## [Work to complete]
Once you find the line with "stakleni tanjur, zeleni", copy it and every line after it through the end of the entries below, exactly as written.

## [Dataset entries]
○ ○ ○ ○ ○

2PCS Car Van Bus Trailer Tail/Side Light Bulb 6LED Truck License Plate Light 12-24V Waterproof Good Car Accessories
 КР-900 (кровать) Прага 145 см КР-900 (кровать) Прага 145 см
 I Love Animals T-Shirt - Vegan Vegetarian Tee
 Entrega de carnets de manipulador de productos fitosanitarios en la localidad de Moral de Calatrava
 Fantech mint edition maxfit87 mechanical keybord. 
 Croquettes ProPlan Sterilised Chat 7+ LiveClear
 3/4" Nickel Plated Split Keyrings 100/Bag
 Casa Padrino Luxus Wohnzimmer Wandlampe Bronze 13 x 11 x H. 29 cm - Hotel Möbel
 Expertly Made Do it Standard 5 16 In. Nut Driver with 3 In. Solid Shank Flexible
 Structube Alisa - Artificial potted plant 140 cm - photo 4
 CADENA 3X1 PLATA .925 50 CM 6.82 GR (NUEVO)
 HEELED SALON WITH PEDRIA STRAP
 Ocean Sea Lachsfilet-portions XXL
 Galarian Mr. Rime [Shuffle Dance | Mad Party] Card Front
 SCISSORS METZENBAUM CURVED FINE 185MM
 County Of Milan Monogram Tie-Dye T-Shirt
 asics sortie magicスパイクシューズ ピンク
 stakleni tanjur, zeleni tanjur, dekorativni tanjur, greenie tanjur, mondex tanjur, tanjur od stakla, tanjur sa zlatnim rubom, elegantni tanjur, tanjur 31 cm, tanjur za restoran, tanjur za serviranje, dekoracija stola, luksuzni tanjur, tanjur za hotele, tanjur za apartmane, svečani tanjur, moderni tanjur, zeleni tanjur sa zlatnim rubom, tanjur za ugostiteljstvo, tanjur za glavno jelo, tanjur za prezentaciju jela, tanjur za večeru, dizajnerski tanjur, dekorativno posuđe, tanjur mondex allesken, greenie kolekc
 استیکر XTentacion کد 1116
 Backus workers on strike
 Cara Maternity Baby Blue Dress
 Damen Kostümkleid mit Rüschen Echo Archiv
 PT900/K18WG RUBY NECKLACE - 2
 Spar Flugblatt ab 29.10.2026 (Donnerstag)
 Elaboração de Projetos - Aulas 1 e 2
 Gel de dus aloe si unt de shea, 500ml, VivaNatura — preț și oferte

○ ○ ○ ○ ○

## [Answer]
 stakleni tanjur, zeleni tanjur, dekorativni tanjur, greenie tanjur, mondex tanjur, tanjur od stakla, tanjur sa zlatnim rubom, elegantni tanjur, tanjur 31 cm, tanjur za restoran, tanjur za serviranje, dekoracija stola, luksuzni tanjur, tanjur za hotele, tanjur za apartmane, svečani tanjur, moderni tanjur, zeleni tanjur sa zlatnim rubom, tanjur za ugostiteljstvo, tanjur za glavno jelo, tanjur za prezentaciju jela, tanjur za večeru, dizajnerski tanjur, dekorativno posuđe, tanjur mondex allesken, greenie kolekc
 استیکر XTentacion کد 1116
 Backus workers on strike
 Cara Maternity Baby Blue Dress
 Damen Kostümkleid mit Rüschen Echo Archiv
 PT900/K18WG RUBY NECKLACE - 2
 Spar Flugblatt ab 29.10.2026 (Donnerstag)
 Elaboração de Projetos - Aulas 1 e 2
 Gel de dus aloe si unt de shea, 500ml, VivaNatura — preț și oferte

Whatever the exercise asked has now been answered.